◆ **MATERIAL SUPPLIED**:

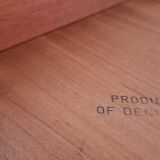 Danish 1960s teak coffee table with slatted shelf.
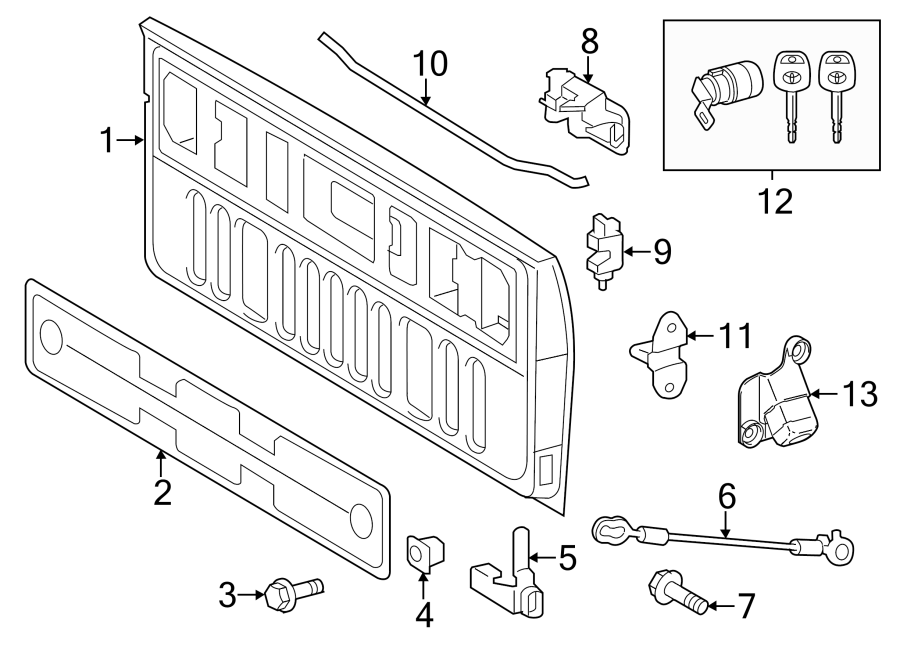 Diagram PICK UP BOX. TAIL GATE. for your 2016 Toyota Sequoia  Platinum Sport Utility 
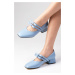 Mio Gusto Britney Blue Women's Flat Toe Short Heeled Shoes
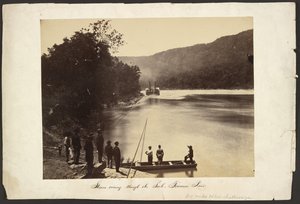 [Vapor a passar por The Suck, rio Tennessee, seis milhas abaixo de Chattanooga] de George N. Barnard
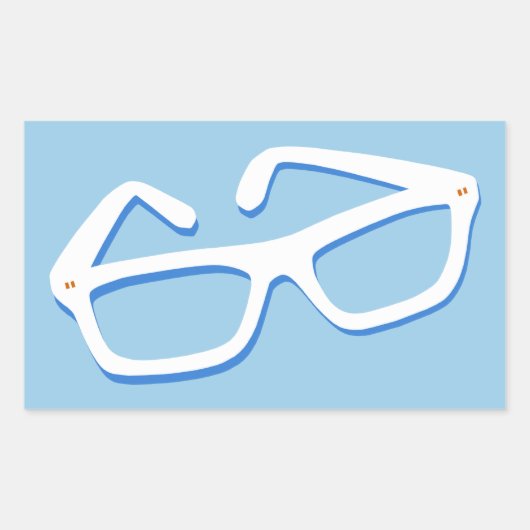 Coole Nerd Bril Rechthoekige Sticker (Voorkant)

◆ **WHAT TO PRODUCE**: Only the lines from the one containing "Diagram PICK UP" through the end of the records are wanted, set down exactly and without their pictures.

◆ **OUTPUT FOR THIS TASK**:
 Diagram PICK UP BOX. TAIL GATE. for your 2016 Toyota Sequoia  Platinum Sport Utility 
 Mio Gusto Britney Blue Women's Flat Toe Short Heeled Shoes
 [Vapor a passar por The Suck, rio Tennessee, seis milhas abaixo de Chattanooga] de George N. Barnard
 Coole Nerd Bril Rechthoekige Sticker (Voorkant)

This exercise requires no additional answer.